● Exercise
Extract each line of the material that follows exactly and omit its pictures.

● The data

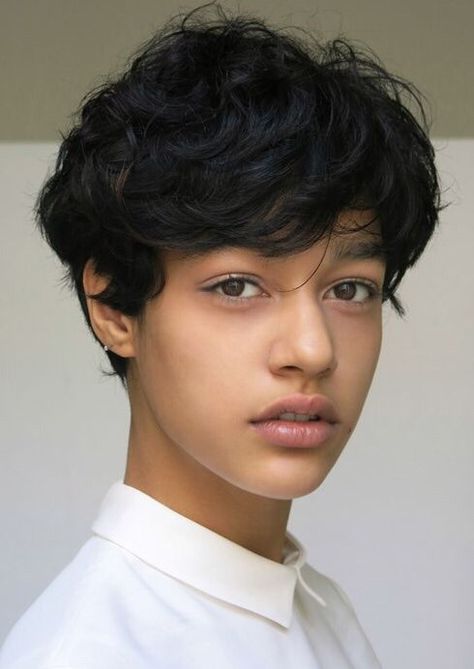 models. Damaris Goddrie, Tumblr Face, Pelo Afro, Hair Brown, Hair Reference, Teen Hairstyles, Boy Hairstyles, Brown Skin, Curly Hair Styles Naturally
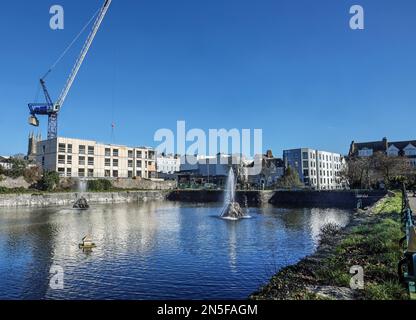 Die Arbeiten an neuen Studentenwohnungen mit Blick auf das Reservoir am Drake's Place auf dem Campus der University of Plymouth North Hill gehen voran. Die Stadt hat das Vereinigte Königreich Stockfoto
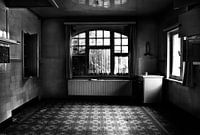 Empty kitchen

● Output of the exercise
 models. Damaris Goddrie, Tumblr Face, Pelo Afro, Hair Brown, Hair Reference, Teen Hairstyles, Boy Hairstyles, Brown Skin, Curly Hair Styles Naturally
 Die Arbeiten an neuen Studentenwohnungen mit Blick auf das Reservoir am Drake's Place auf dem Campus der University of Plymouth North Hill gehen voran. Die Stadt hat das Vereinigte Königreich Stockfoto
 Empty kitchen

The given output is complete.